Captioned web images
--- START ---
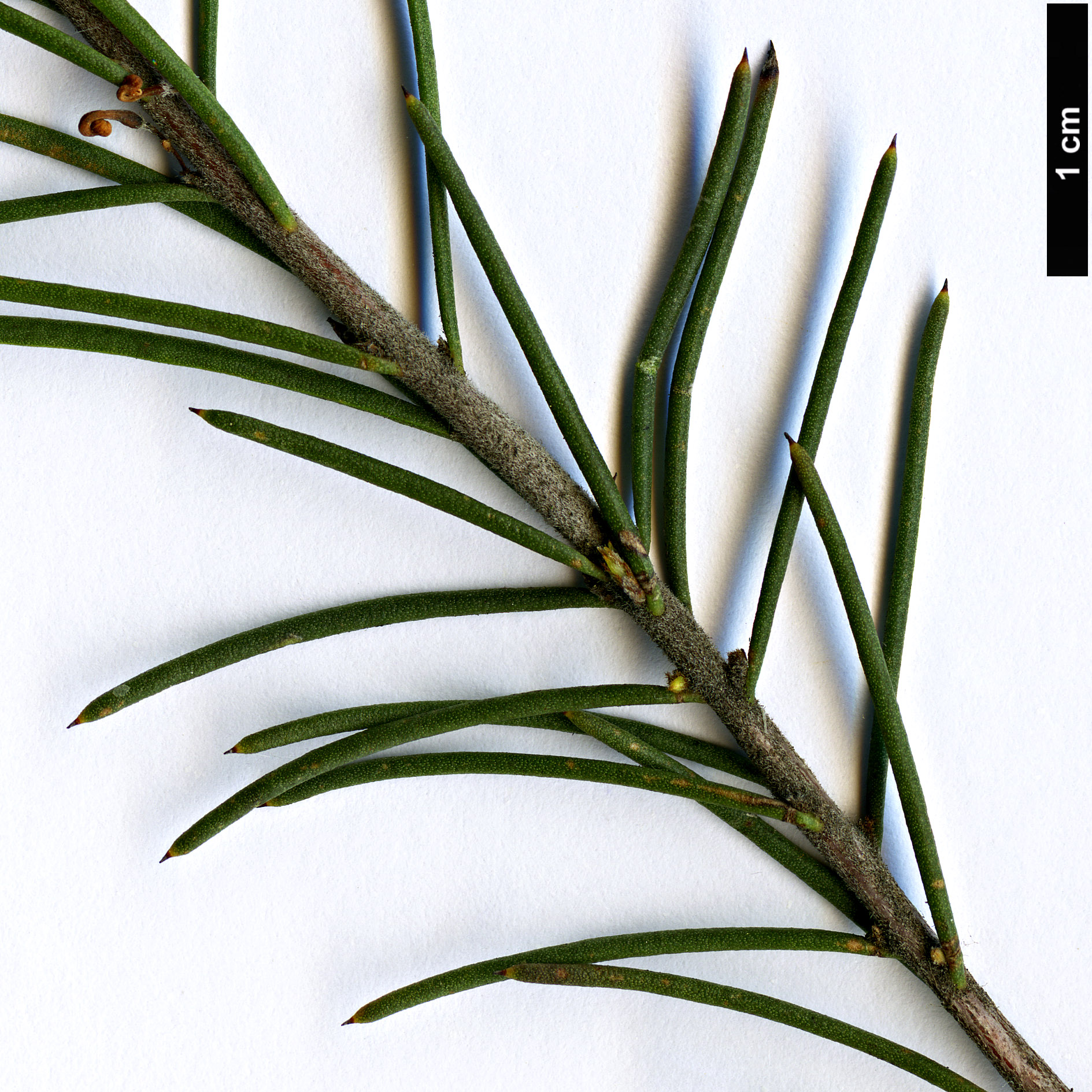 High resolution image: Family: Proteaceae - Genus: Hakea - Taxon: nodosa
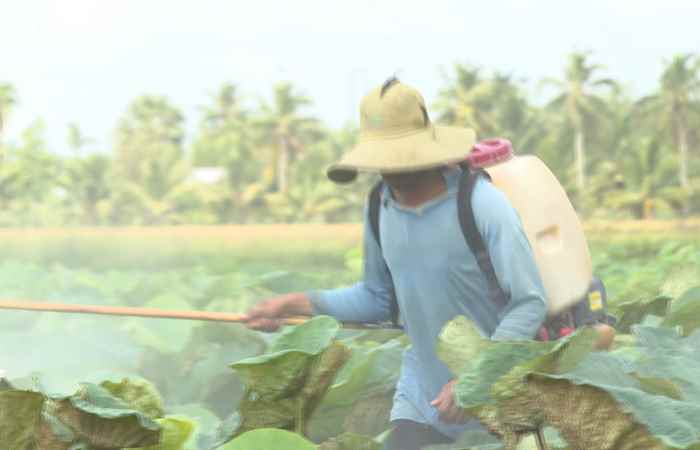 Trợ lực Nhà nông - Tiếng Khmer (25-10-2023)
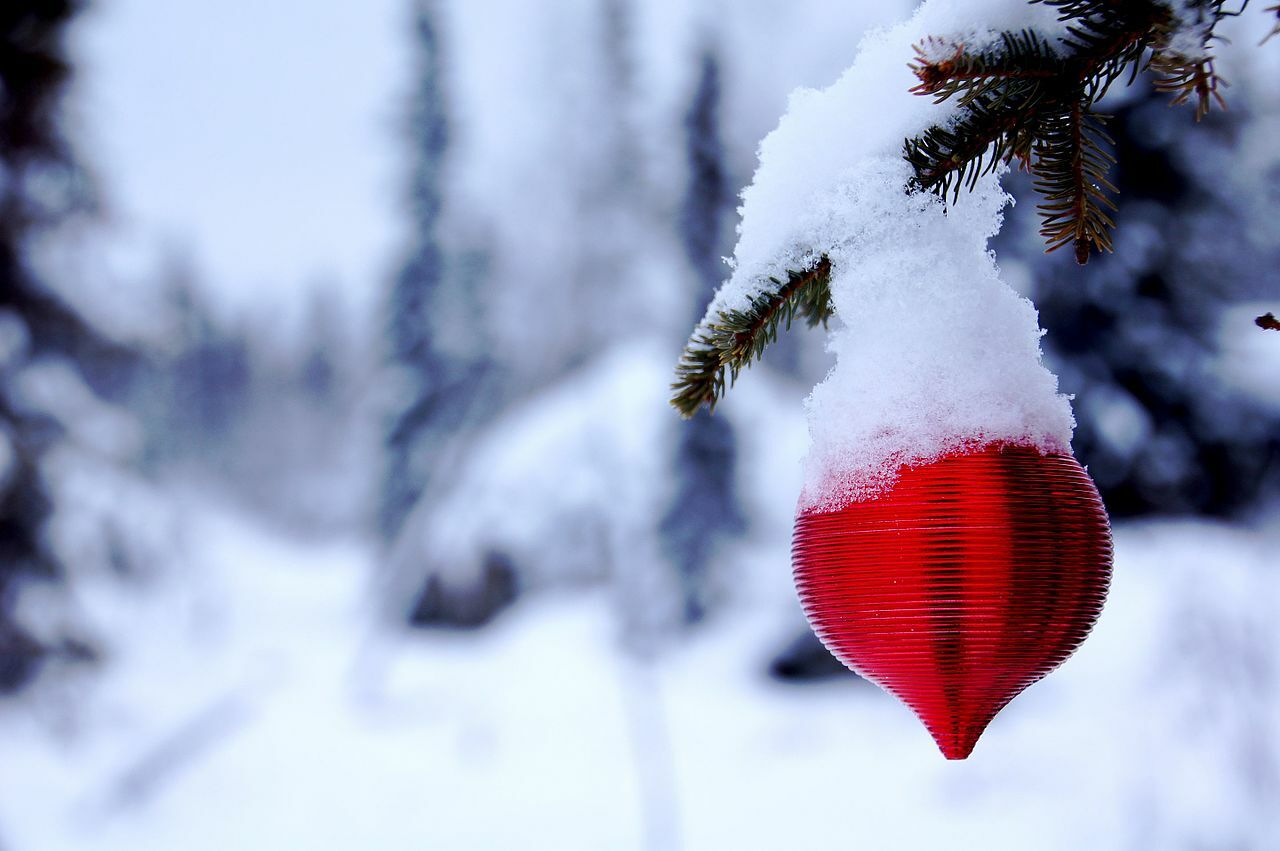 (A lot of) snow falls in Portugal. And what will the weather be like at Christmas?
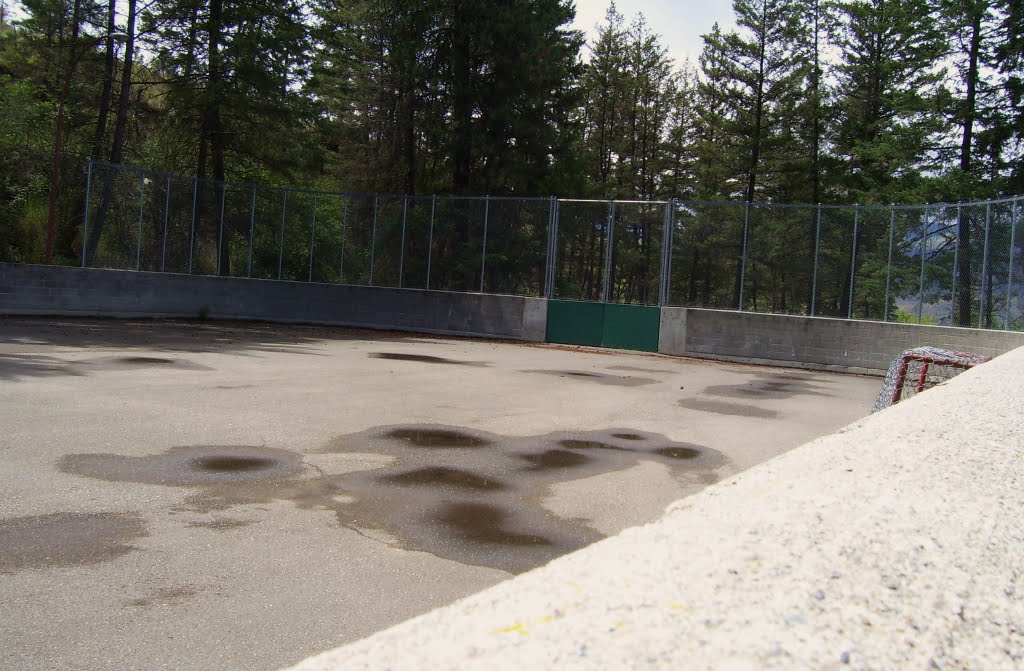 West end, Len Haughton Park rink by kuschk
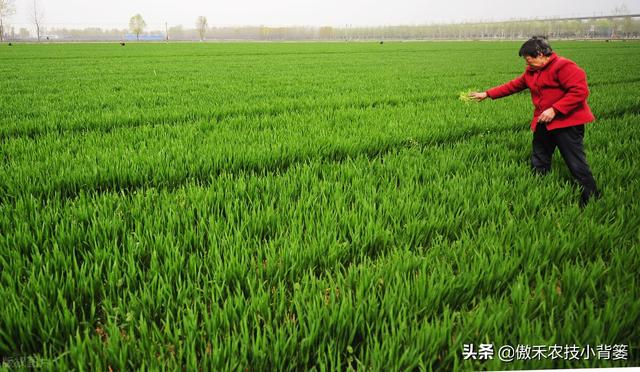 小麦黄苗问题年年发生、年年治，主要原因和解决办法有哪些？13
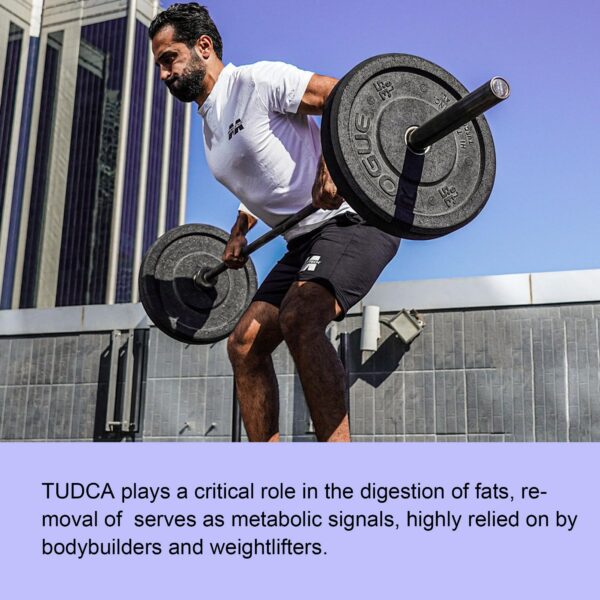 Version 1.0.0 Etiqueta ingredientes gomas tudca y cardo mariano Well&Whole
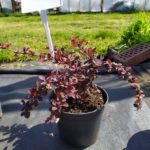 Berberys "Harlequin"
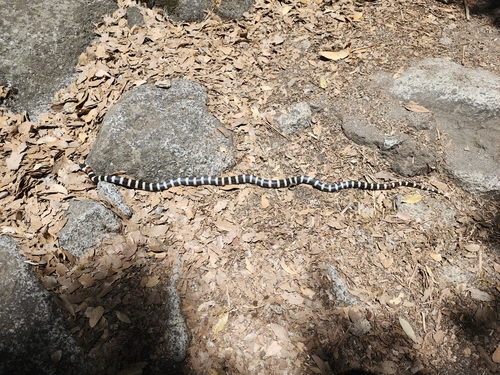 iNaturalist observation photo of California Mountain Kingsnake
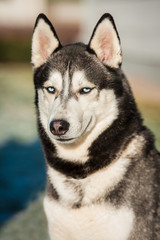 Portrait of smiling siberian husky dog with blue eyes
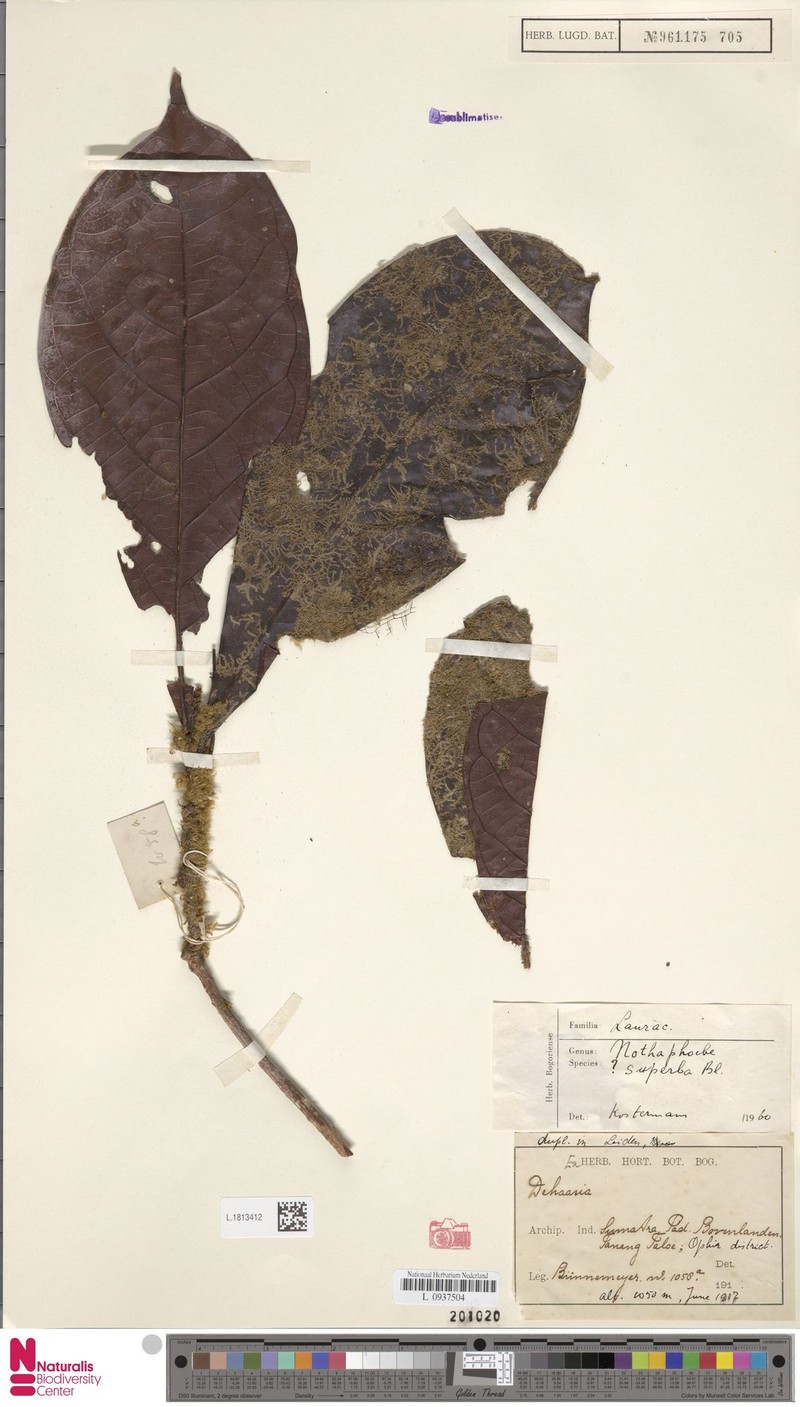 Actinodaphne superba photo 2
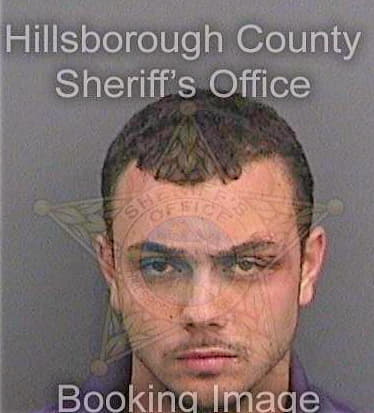 Hall John - Hillsborough County, FL 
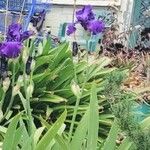 Iris × germanica फूल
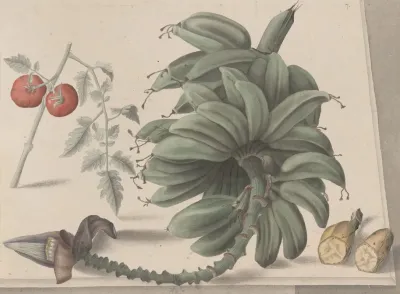 Natural History Of Saint Domingue Pl 138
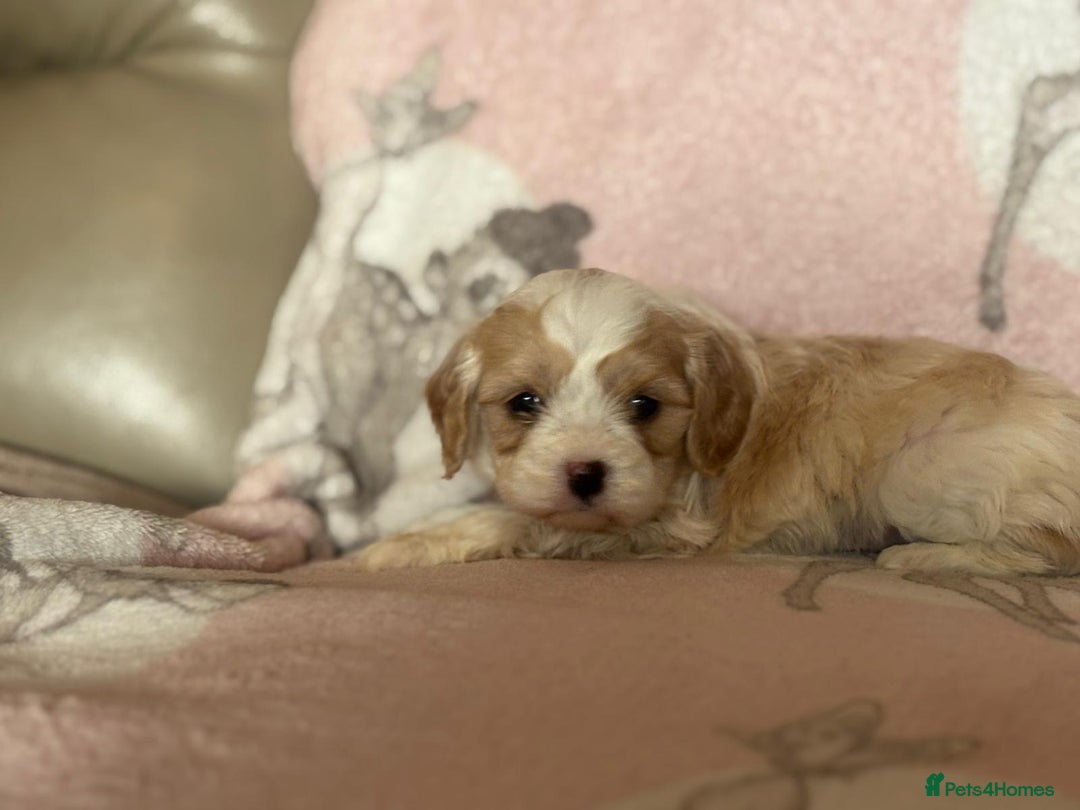 Cavapoo dogs for sale: Stunning Cavapoo puppies from family home  - Advert 30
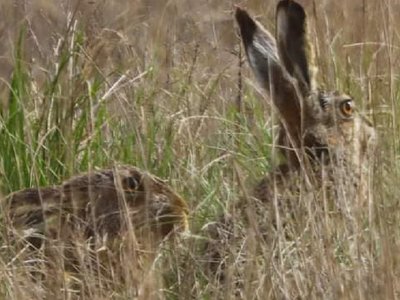 У “Тузлівських лиманах” частіше з’являються сірі зайці: зараз у тварин “шлюбний сезон”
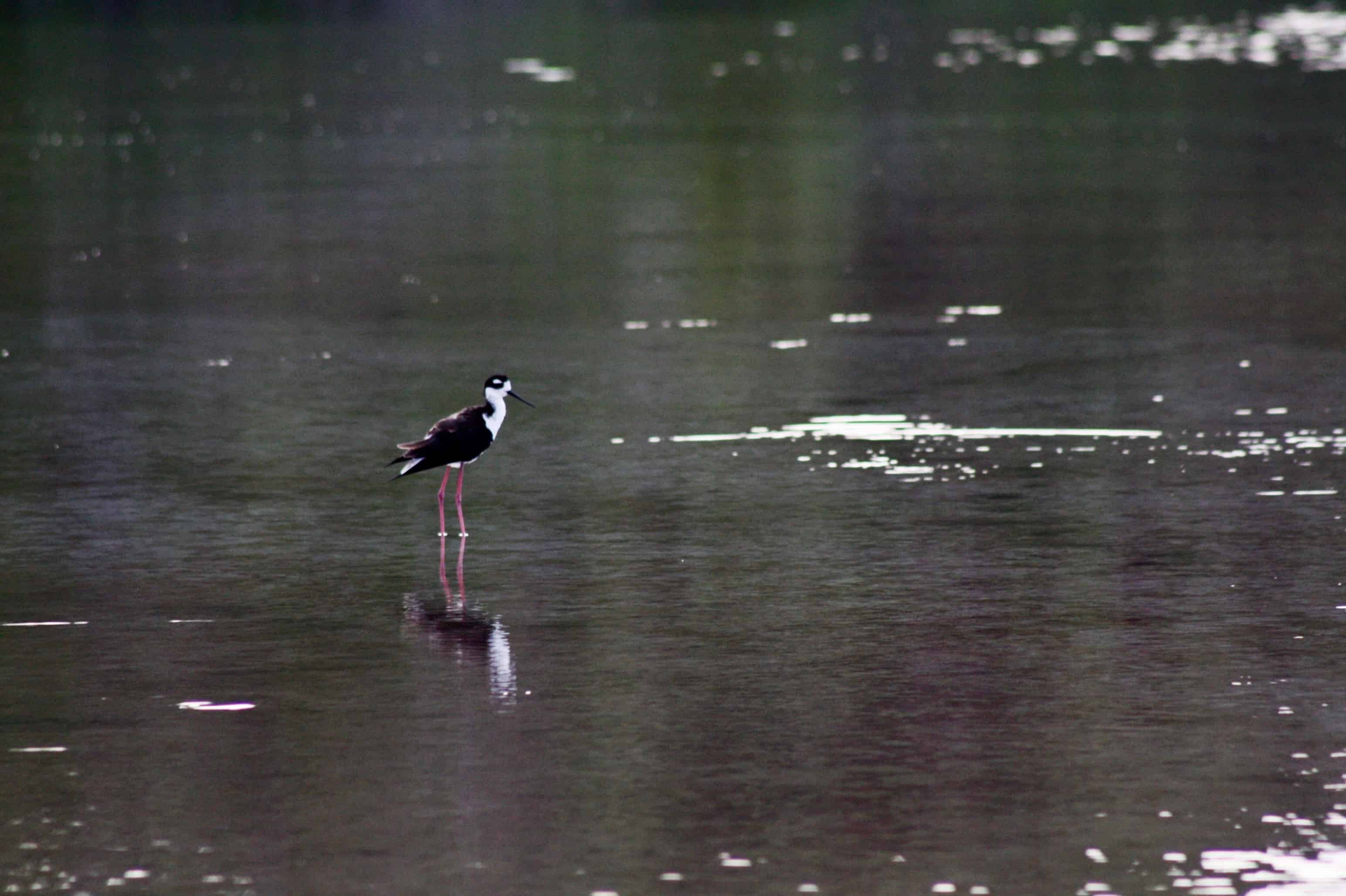 Black-necked stilt, Galapagos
--- END ---
_Problem details_: Copy the lines above exactly, starting with the line that contains "Portrait of smiling" and ending with the line that contains "Cavapoo dogs for", and leave out any pictures.

_Answer area_:
 Portrait of smiling siberian husky dog with blue eyes
 Actinodaphne superba photo 2
 Hall John - Hillsborough County, FL 
 Iris × germanica फूल
 Natural History Of Saint Domingue Pl 138
 Cavapoo dogs for sale: Stunning Cavapoo puppies from family home  - Advert 30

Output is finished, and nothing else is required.